The protective shield proceedings pursuant to § 270d InsO enable companies to restructure under debtor-in-possession management. Learn about the requirements, the procedure and when this option represents the better alternative.
Table of Contents
- Protective Shield Proceedings: Restructuring Under the Protection of Insolvency Law
- What Are Protective Shield Proceedings?
- Distinction from Regular Debtor-in-Possession Proceedings
- Requirements for Protective Shield Proceedings
- Insolvency Application and Ground for Insolvency
- Expert Certificate
- Procedure of Protective Shield Proceedings
- Phase 1: Filing and Order
- Phase 2: Plan Development (up to 3 months)

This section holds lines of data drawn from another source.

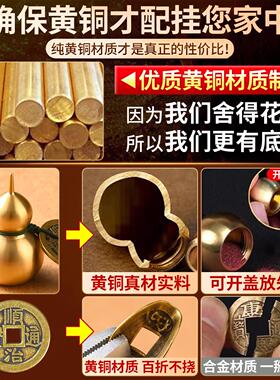 事事如意大肚子葫芦加厚五帝钱门对门挂件黄铜葫芦入户门铜钱古币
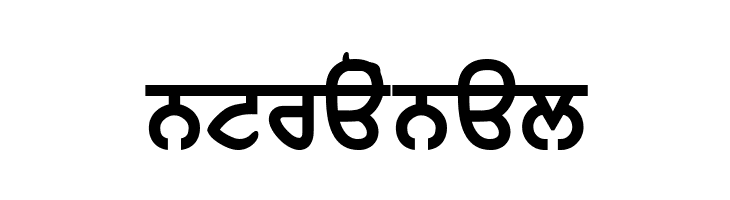 GurbaniWebThick  Free Fonts Download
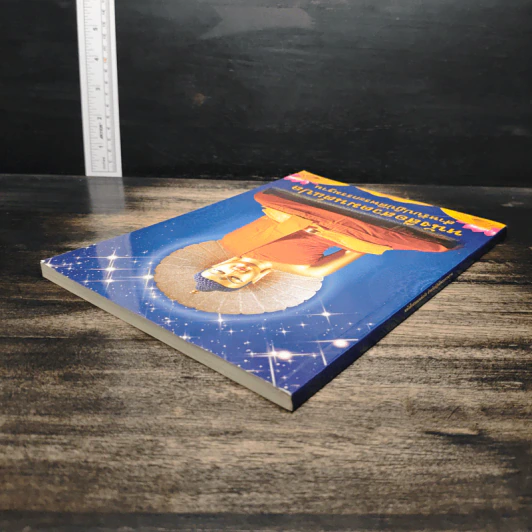 หนังสือสวดมนต์แปล สำหรับปฏิบัติพระกรรมฐาน รูปที่ 5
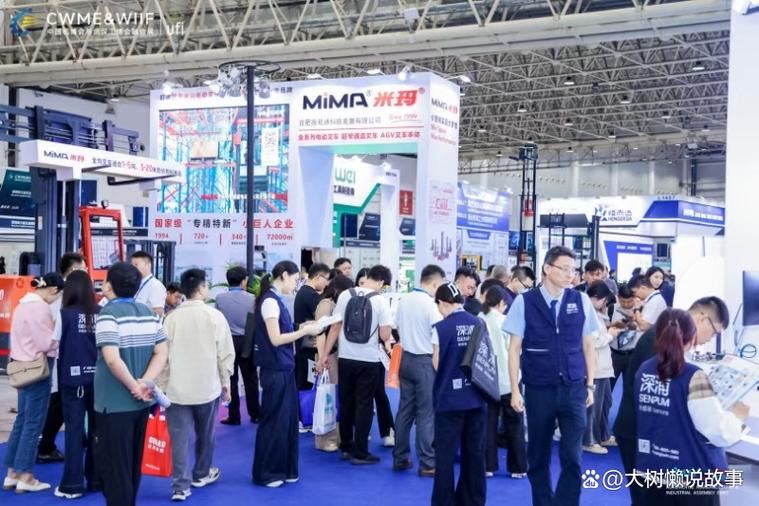 2027北京国际物流装备展智能仓储及物料搬运展览会,揭秘无人仓储黑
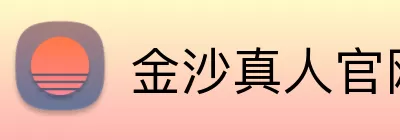 金沙真人官网 logo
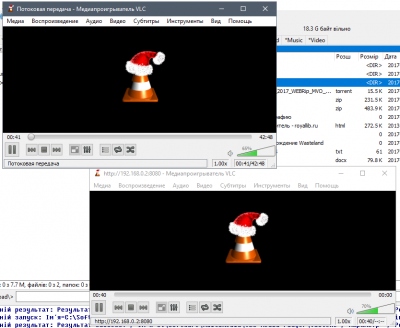 VLC.png (61.94 КБ, Просмотров: 1369) VLC.png
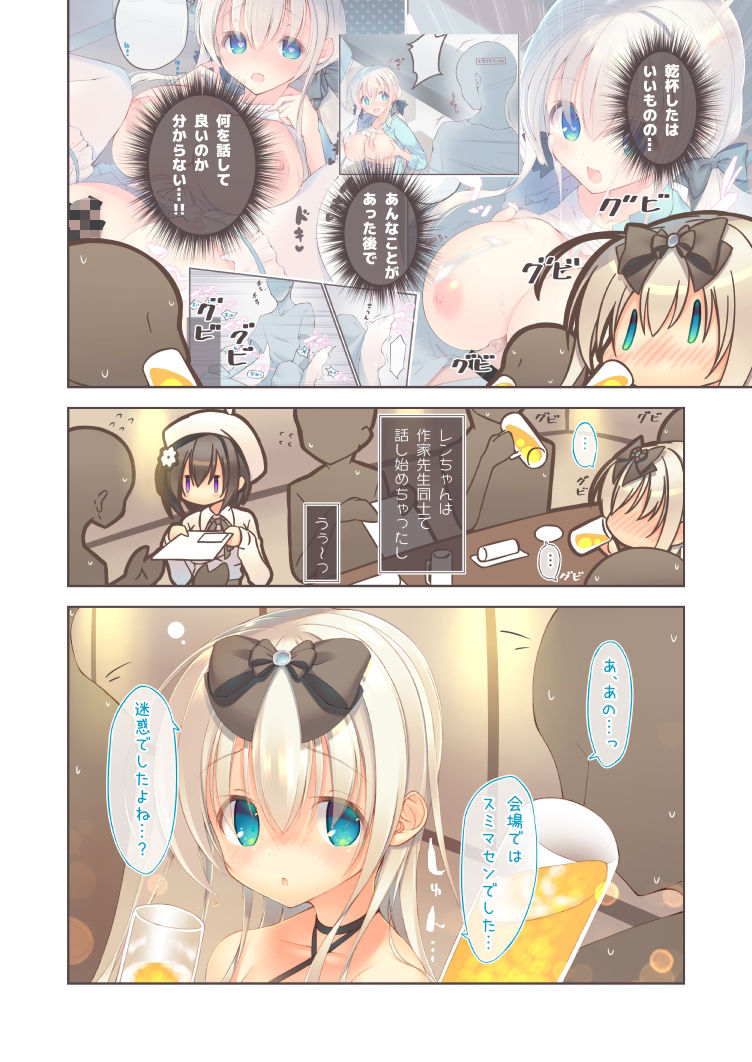 えっちな飲み会は好きですか？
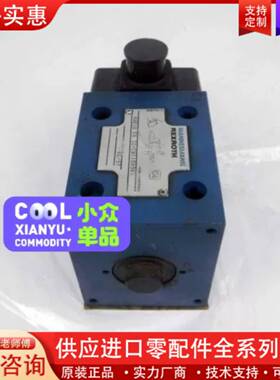 议价BOSCH REXROTH，4WE10HA3XCW，电磁阀，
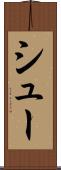 シュー Scroll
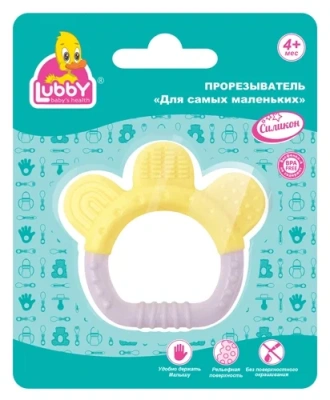 ЛАББИ ПРОРЕЗЫВАТЕЛЬ ДЛЯ САМЫХ МАЛЕНЬКИХ 16034 фото в интернет-аптеке Склад Лекарств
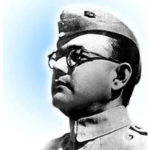 Subhash Chandra Bose Biography in Hindi – नेताजी सुभाष चंद्र बोस की जीवनी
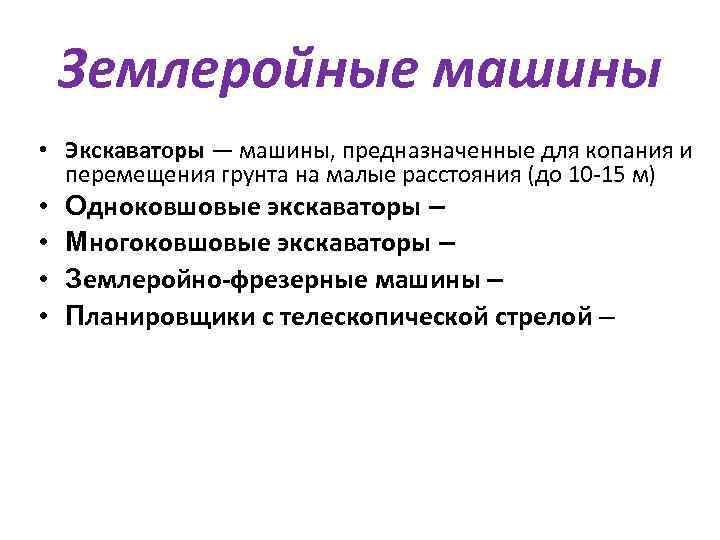 Землеройные машины • Экскаваторы — машины, предназначенные для копания и перемещения грунта на малые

- Phase 3: Insolvency Plan Proceedings
- The Custodian: Supervision Rather Than Displacement
- Duties of the Custodian
- Debtor's Right to Propose
- Advantages Over Regular Insolvency Proceedings
- Comparison with StaRUG Proceedings
- Prominent Examples from Practice
- Success Factors for Protective Shield Proceedings
- Conclusion
Protective Shield Proceedings: Restructuring Under the Protection of Insolvency Law
When a company finds itself in financial distress, many stakeholders immediately think of classic insolvency proceedings with loss of control, stigmatisation and liquidation. However, German insolvency law offers the protective shield proceedings pursuant to § 270d InsO as an instrument that enables viable companies to develop a restructuring plan under the protection of insolvency law and in debtor-in-possession management. This article explains the requirements, the procedure and the success factors of these special proceedings.
What Are Protective Shield Proceedings?
Protective shield proceedings are a special form of debtor-in-possession proceedings within the framework of insolvency law. They were introduced in 2012 by the Act on the Further Facilitation of Corporate Restructuring (ESUG) and are governed by § 270d InsO (formerly § 270b InsO).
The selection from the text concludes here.